Area: 200 hectares
Location: Sud-Est de la France, Rade de Marseille
Number of inhabitants:
Number of visitors:
Tourists: 400,000 per year
Protected island: yes
Terrestrial protection status: Special Area of Conservation and Special Protection Area (SPA) Natura 2000, at the heart of the Calanques National Park. Natural areas mostly owned by the French Coastal Management Agency (Conservatoire du littoral).
Marine protection Status: Maritime area adjacent to the Calanques National Park.
The Frioul archipelago is composed of 4 islands: Pomègues, Ratonneau, If (with its famous castle), and Tiboulen. Since the 1820s, Pomègues et Ratonneau are linked by a dyke.
One of the greatest island assets is its exceptional fauna and flora, that adapted to difficult and arid climatic conditions of the island.

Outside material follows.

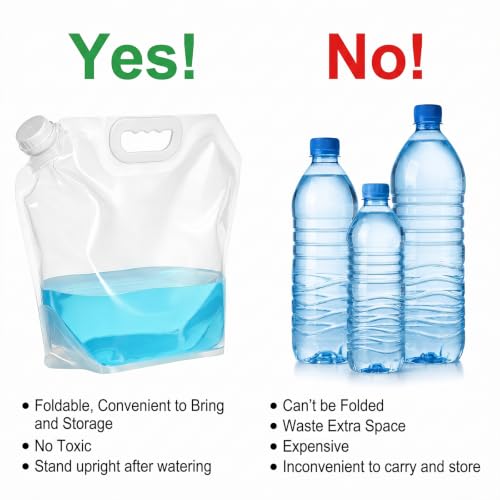 MAQUITA 20 Pcs Bolsa de Agua Plegable de Emergencia, Contenedor de Agua Plegable de 1.3 Gal, Almacenamiento Claro de Plástico para Camping, Senderismo, Viajes, Emergencia, Libre de BPA, Antiderrame, Congelable miniatura 3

This white limestone massif is considered as one of the most arid sites in France. This predominantly natural site is at the heart of the city of Marseille, and is one the town’s green lungs.
The Frioul islands are composed of two small ones (1 and 3 hectares) and two larger ones. The highest one, Pomègues peaks at 86 m above sea level.
These islands are white mostly due to the ground that is composed of limestone rocks, and hosts very little vegetation.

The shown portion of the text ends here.